Apple to add Galaxy S4 to second California suit

iPhone 5 Galaxy S4 (Tagscape 001)

We certainly saw this coming. According to the FOSS Patents blog, run by patent expert Florian Müeller, Apple has decided to add the Galaxy S4 flagship smartphone to its patent infringement case against Samsung Electronics, while also dropping another product. The parties are expected to narrow their lists of the patent-infringing products. Currently, there are 22 gizmos each on their respective lists…

FOSS Patents has the story:

Late on Monday, Apple and Samsung submitted statements in response to Judge Koh’s April 24, 2013 order to narrow their second California case. Narrowing will occur in several steps until the spring 2014 trial.

Ultimately, by February 6, 2014, the parties will have to limit their asserted patents claims to five (per side) and their accused products to ten (per side).

Apple wrote in court documents it will drop another Samsung device from its list of 22 accused products once it has permission to add the Galaxy S4 to this litigation.

Apple’s list currently includes the Samsung Admire, Captivate Glide, Conquer 4G, Dart, Exhibit II 4G, Galaxy Nexus, Galaxy Note, Galaxy Note 10.1, Galaxy Note II, Galaxy Player 4.0, Galaxy Player 5.0, Galaxy Rugby Pro, Galaxy S II, Galaxy S II Epic 4G Touch, Galaxy S II Skyrocket, Galaxy S III, Galaxy Tab 7.0 Plus, Galaxy Tab 8.9, Galaxy Tab 2 10.1, Illusion, Stratosphere and Transform Ultra devices.

On Samsung’s list of allegedly infringing Apple products: the iPhone 3G, iPhone 3GS, iPhone 4, iPhone 4S, iPhone 5, iPad, iPad 2, iPad 3, iPad 4, iPad mini, iPod Touch (5th generation), iPod Touch (4th generation), iPod Touch (3rd generation), MacBook Air, MacBook Pro, iMac, Mac mini, Mac Pro, iTunes (including iTunes Match), iCloud, Apple TV (3rd generation) and Apple TV (1st generation).
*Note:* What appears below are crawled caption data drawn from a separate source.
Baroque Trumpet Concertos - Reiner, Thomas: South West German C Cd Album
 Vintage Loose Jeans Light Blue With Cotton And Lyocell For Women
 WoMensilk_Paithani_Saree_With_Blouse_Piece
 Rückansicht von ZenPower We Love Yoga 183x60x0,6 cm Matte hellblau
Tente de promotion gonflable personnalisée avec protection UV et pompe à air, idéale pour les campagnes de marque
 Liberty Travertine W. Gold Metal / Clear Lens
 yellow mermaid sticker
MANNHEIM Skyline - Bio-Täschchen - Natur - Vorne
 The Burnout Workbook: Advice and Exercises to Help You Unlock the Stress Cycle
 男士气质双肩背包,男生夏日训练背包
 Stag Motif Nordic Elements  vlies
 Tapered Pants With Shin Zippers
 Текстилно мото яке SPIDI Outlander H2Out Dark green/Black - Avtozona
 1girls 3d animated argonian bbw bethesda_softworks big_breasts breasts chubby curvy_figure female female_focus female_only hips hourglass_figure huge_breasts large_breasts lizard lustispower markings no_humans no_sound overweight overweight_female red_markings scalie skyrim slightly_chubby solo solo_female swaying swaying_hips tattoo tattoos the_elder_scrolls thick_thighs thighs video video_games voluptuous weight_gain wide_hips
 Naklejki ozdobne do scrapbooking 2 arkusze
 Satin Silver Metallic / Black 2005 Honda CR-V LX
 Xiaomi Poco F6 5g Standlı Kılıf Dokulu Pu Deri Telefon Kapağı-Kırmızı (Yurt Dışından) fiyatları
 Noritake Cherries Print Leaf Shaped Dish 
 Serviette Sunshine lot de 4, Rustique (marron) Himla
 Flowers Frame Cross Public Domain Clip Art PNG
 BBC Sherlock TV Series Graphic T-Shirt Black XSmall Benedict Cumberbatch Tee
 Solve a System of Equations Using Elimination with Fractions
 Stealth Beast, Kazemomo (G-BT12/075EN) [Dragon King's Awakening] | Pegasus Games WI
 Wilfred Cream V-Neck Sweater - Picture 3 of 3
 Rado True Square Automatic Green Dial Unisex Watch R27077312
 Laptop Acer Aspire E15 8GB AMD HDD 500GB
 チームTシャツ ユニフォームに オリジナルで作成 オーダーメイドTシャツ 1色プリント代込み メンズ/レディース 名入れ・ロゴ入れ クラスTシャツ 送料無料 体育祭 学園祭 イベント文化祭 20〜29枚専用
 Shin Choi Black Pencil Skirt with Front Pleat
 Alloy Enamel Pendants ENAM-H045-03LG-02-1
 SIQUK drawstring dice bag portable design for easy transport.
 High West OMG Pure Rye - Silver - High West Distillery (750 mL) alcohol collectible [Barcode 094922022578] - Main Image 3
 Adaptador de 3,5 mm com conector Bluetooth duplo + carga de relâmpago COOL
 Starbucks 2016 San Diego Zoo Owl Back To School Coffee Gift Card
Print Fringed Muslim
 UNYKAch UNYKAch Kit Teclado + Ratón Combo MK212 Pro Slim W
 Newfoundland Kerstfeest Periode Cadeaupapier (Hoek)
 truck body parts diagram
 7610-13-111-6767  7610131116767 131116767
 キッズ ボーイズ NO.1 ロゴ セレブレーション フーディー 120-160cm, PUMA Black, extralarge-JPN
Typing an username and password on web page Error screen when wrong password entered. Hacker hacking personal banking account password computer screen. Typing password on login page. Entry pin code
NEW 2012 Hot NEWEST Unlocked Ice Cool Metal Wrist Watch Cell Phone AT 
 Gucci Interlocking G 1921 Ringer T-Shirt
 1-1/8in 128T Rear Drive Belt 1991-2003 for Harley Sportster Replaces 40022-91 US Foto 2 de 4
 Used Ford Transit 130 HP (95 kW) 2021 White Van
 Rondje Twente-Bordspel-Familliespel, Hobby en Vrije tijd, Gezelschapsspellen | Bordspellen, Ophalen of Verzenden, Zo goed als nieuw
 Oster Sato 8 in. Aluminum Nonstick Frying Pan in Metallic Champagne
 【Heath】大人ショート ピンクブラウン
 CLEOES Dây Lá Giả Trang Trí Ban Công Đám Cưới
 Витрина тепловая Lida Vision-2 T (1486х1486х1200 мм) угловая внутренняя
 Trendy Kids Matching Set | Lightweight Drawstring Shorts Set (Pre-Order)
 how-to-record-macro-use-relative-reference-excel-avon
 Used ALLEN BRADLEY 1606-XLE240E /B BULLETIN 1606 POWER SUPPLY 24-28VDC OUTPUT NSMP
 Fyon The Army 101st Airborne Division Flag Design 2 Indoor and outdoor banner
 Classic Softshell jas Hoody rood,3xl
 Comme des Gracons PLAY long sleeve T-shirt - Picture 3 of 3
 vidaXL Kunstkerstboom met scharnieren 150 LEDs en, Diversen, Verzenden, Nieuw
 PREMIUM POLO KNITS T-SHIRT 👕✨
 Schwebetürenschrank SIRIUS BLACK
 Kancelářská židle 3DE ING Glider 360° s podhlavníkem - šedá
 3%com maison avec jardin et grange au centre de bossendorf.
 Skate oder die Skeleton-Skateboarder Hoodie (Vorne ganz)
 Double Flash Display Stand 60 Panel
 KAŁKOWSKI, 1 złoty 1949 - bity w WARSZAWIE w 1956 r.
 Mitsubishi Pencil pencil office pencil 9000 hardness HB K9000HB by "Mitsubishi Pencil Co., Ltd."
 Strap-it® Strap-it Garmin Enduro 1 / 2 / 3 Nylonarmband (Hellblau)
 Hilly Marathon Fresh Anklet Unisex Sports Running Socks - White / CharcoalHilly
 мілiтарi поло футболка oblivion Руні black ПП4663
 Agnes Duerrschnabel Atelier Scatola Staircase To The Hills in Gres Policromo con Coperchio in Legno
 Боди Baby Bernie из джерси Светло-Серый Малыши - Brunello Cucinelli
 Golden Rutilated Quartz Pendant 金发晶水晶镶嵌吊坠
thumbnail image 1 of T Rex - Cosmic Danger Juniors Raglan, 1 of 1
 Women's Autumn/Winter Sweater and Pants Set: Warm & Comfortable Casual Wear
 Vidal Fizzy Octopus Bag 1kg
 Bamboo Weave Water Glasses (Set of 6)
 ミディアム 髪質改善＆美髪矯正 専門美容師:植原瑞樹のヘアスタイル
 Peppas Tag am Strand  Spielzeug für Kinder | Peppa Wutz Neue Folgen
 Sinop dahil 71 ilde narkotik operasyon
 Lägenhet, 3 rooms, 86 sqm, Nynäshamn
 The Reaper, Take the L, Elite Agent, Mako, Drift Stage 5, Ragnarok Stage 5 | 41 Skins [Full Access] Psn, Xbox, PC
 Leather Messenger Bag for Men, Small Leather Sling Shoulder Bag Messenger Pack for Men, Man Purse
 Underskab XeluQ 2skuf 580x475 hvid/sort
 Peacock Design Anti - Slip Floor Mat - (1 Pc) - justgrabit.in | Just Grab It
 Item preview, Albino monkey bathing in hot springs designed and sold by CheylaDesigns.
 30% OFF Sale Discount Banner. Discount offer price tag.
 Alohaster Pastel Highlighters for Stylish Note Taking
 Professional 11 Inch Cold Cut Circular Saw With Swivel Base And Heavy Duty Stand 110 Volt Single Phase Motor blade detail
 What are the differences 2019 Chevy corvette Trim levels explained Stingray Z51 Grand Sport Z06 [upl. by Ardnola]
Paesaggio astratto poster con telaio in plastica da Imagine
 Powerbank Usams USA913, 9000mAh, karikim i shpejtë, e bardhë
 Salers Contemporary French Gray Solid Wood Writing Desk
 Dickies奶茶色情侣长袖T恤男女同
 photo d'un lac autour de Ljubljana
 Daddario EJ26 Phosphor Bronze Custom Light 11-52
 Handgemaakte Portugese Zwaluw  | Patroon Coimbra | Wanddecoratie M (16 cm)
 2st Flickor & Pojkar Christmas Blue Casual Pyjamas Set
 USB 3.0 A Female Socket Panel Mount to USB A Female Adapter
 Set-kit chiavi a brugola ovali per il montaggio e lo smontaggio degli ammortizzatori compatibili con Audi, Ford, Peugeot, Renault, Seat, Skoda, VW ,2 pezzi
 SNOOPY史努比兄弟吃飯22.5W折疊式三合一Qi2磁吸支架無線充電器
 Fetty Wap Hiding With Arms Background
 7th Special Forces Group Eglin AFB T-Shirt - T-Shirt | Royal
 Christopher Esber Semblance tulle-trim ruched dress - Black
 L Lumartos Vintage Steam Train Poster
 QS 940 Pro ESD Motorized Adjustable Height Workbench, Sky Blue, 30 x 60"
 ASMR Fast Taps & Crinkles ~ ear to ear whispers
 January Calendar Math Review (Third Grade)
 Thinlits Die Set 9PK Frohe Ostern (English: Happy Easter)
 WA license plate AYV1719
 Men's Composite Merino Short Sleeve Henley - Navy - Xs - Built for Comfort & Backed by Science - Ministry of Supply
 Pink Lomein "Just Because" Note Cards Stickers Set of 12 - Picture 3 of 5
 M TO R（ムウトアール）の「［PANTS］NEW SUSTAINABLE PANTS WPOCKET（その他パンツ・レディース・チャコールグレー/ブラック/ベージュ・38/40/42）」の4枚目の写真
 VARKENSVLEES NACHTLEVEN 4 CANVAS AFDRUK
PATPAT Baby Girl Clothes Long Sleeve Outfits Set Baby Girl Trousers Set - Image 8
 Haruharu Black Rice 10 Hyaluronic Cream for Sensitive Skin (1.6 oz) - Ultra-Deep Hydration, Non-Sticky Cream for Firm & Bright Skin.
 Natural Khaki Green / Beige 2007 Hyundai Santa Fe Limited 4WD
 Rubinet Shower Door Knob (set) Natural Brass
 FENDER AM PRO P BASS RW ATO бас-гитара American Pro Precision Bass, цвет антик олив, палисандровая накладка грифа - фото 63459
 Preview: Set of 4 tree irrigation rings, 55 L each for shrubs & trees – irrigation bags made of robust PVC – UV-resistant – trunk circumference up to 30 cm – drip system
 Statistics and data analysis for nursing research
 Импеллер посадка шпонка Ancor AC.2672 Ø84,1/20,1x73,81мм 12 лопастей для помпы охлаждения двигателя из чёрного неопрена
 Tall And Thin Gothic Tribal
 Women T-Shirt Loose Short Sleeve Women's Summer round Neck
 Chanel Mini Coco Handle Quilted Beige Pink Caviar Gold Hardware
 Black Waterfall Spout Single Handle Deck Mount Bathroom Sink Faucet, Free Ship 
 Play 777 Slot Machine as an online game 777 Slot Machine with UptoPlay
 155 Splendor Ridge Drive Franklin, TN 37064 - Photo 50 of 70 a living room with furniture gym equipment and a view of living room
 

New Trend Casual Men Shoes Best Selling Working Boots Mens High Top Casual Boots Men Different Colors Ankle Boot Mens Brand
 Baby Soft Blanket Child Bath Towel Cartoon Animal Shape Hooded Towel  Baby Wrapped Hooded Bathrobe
The trial is some ten months out.

Samsung, in the meantime, continues to advertise its flagship device against Apple.

The S4 was recently cleared for government use, becoming the first Android smartphone to win such an approval from the United States Department of Defense.

Apple’s iOS devices are expected to gain a DoD approval soon.